Europa hat eine gemeinsame Währungspolitik, aber die Staaten verfolgen jeweils eine ganz eigene Wirtschaftspolitik, sei es bei der Verschuldung, der Konjunktur oder der Steuerpolitik. Dazu kommen die starken Unterschiede in der wirtschaftlichen Leistungsfähigkeit der Eurostaaten. Das konnten die Gegner unserer Währung sich zunutze machen.

Ein düsteres Bild. Gibt es denn etwas, das ihnen Hoffnung macht?

Ja, die Vergangenheit. Denn in Krisenzeiten wie diesen war es immer so, dass notwendige politische Entwicklungen schneller vorangingen. Was in Aufschwungzeiten unmöglich erscheint, geht in Krisenzeiten plötzlich.

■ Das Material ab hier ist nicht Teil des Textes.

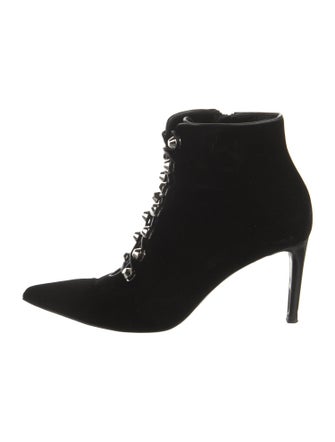 Balenciaga Velvet Lace-Up Boots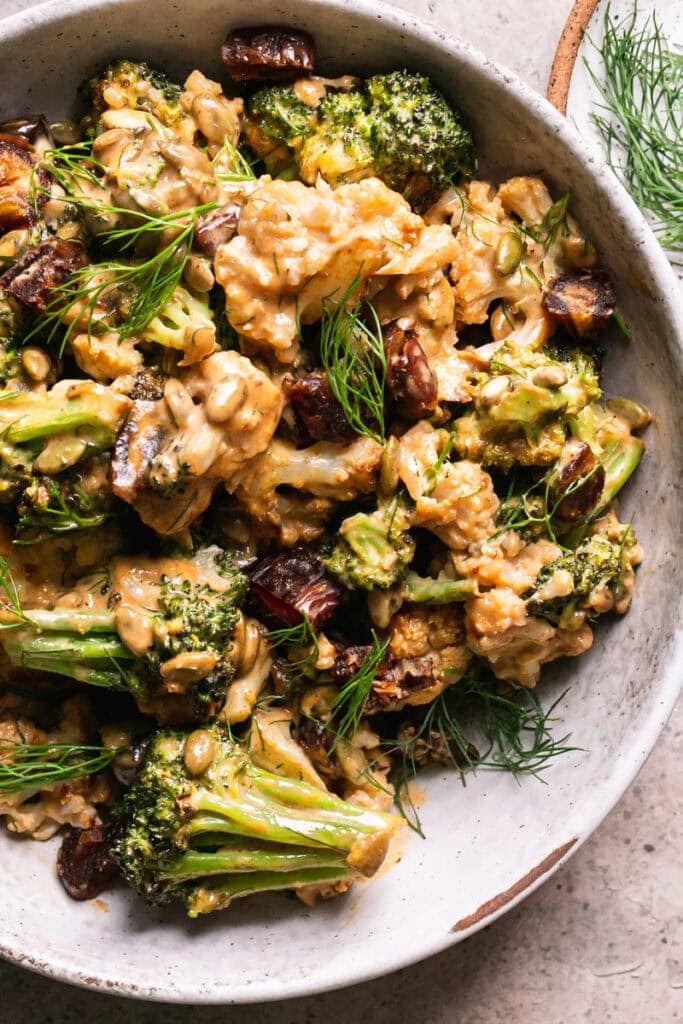Bowl of broccoli and cauliflower salad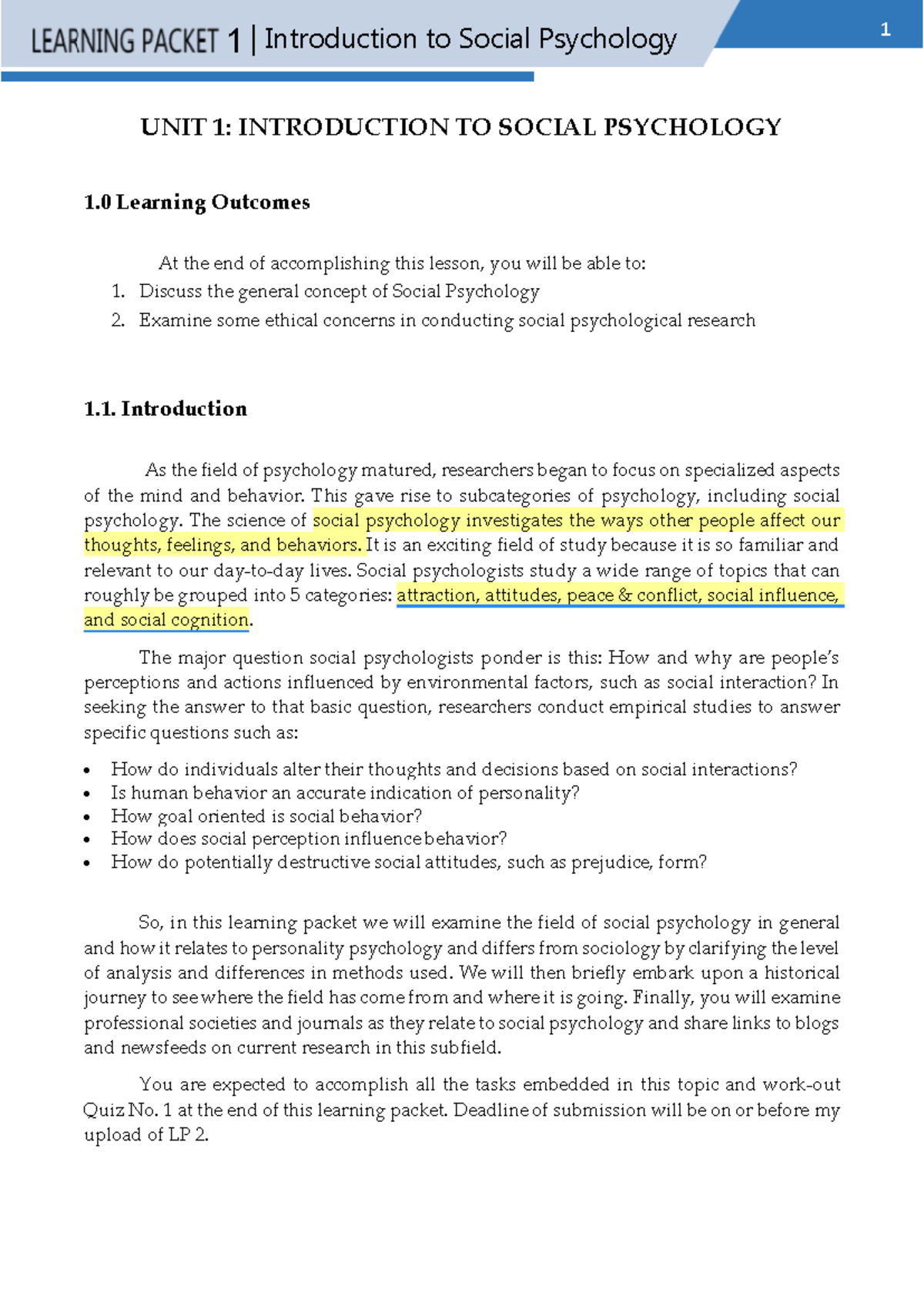 Introduction to Social Psychology (PSY 101) - Unit 1 Overview and Quiz ...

Und was soll das jetzt sein?

Die Schaffung einer politischen Einheit in Europa. Nur muss das jetzt schnell gehen. Denn die Griechenland-Krise kann ganz schnell andere Staaten anstecken und zu einem Flächenbrand werden. Europa muss nachholen, woran es in der Vergangenheit immer wieder gescheitert ist: Es muss zu einem föderalen System zusammenwachsen, mit starken nationalen Staaten, aber einem einheitlichen Steuer- und Wirtschaftssystem. Nur dann kann Europa auch gegenüber den USA als Einheit auftreten.

Mit dem Euro?

Es wäre sinnvoller, zu den nationalen Währungen zurückzukehren, eine politische Einheit zu schaffen und dann eine gemeinsame Währung ins Leben zu rufen. Aber der Euro ist nun einmal vor dieser Entwicklung geschaffen worden, und deshalb muss man diese Entwicklung jetzt nachholen.

Dirk Müller ist Makler an der Frankfurter Börse und Herausgeber der Internetplattform "Cashkurs". In der Finanzkrise wurde er als "Mister Dax" bekannt. Mit ihm sprach Christian Tretbar.